Those rushing to buy rice for Christmas and New Year celebrations must watch out as smugglers seem to have flooded the Nigerian market with substandard and expired brands of rice.
Reports say hundreds of trailers filled with suspected expired rice have been crossing the porous Nigerian borders unchallenged.
It was gathered that the supply of expired and poisonous rice to unsuspecting consumers could rapidly develop into a major health disaster if left unchecked.
As a result of this, industry sources and consumers have urged the Nigerian Customs Service (NCS) to put an end to smuggling.
Industry sources have also called on National Agency for Food, Drug Administration and Control (NAFDAC) to step up the inspection of rice stored at several locations in the country.
Stakeholders have also called on the Presidency to urgently step in by directing the regulatory agencies to take action to prevent the outbreak of diseases during the yuletide season.

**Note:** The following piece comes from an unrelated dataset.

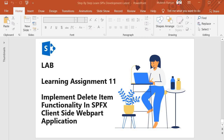Hello guys, welcome back. In this session we are going to perform learning assignment 11, where we will implement delete item functionality in an SPFX client side web part application. Let's look into the steps we are going to follow.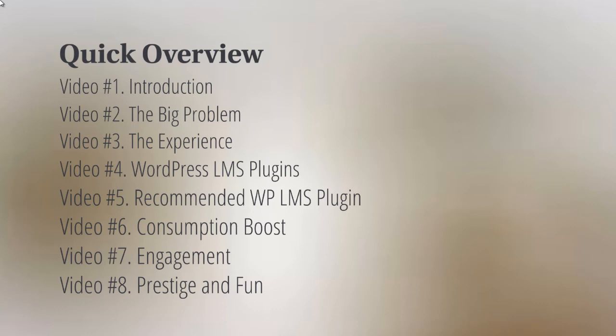Last but not least, we've got video number eight, which is prestige and fun. All that means is trying to make people feel good about themselves as they complete your course. We'll talk more about that and why that's important.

Legal importers paying full tariff of 70 per cent will never be able to compete with smugglers who enjoy a free ride into the market, aided by negligible tariffs in neighbouring Cameroon and Republic of Benin and taking advantage of porous borders.

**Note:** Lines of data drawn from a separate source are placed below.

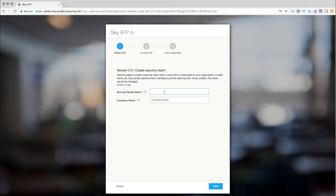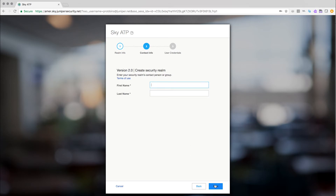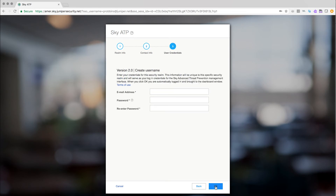To create the realm, follow the wizard that is displayed on the screen. First, you give the realm a name and associate it with your company. Then enter the first and last name of the contact person for the realm. In this case, we use the fictitious user, realmuser. Lastly, you create the login credentials that you will use to login to SkyATP.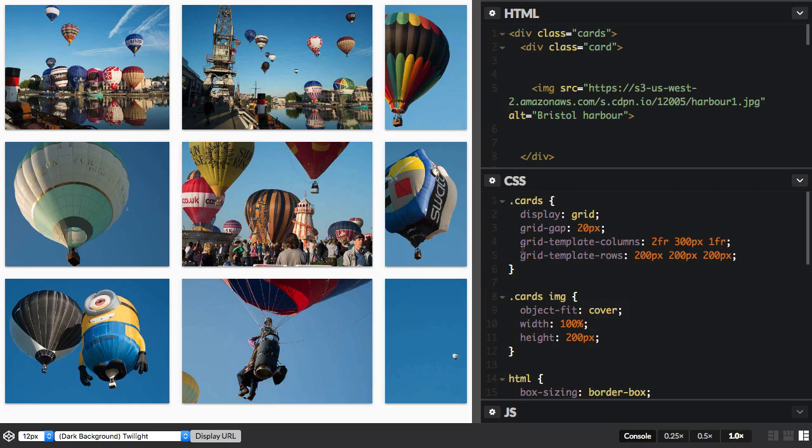The grid gap in this case is also set in absolute units, so that value is taken away from the available space before the fraction units are assigned.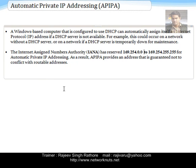A Windows-based computer that is configured to use DHCP can automatically assign itself an IP address if a DHCP server is not available — for example, if there is any problem in the network or with the DHCP server itself. There is a special range reserved by IANA, the Internet Assigned Numbers Authority, and that range is 169.254.0.0 to 169.254.255.255. This range is reserved by IANA for systems on a LAN that are not able to obtain an IP address from the DHCP server.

To add to these woes, the Central Bank of Nigeria (CBN) also barred rice importers from accessing foreign exchange through its window.
The attendant shortage in the market is now being exploited by smugglers, who made significant profit in 2013 when they smuggled around 2.5 million tonnes of rice into the country through the borders, without paying any duty.
In 2013, the Federal Government increased rice importation tariff to 110 per cent as against zero duty regime administered in Benin and Cameroon.
The National Rice Millers Association of Nigeria (NRMAN) has complained that the NCS erred in its decision to lift the ban on rice importation through land borders.
Its chairman said if the NCS succeeds in its decision, it would erode the gains achieved by the previous administration in the country’s rice value chain.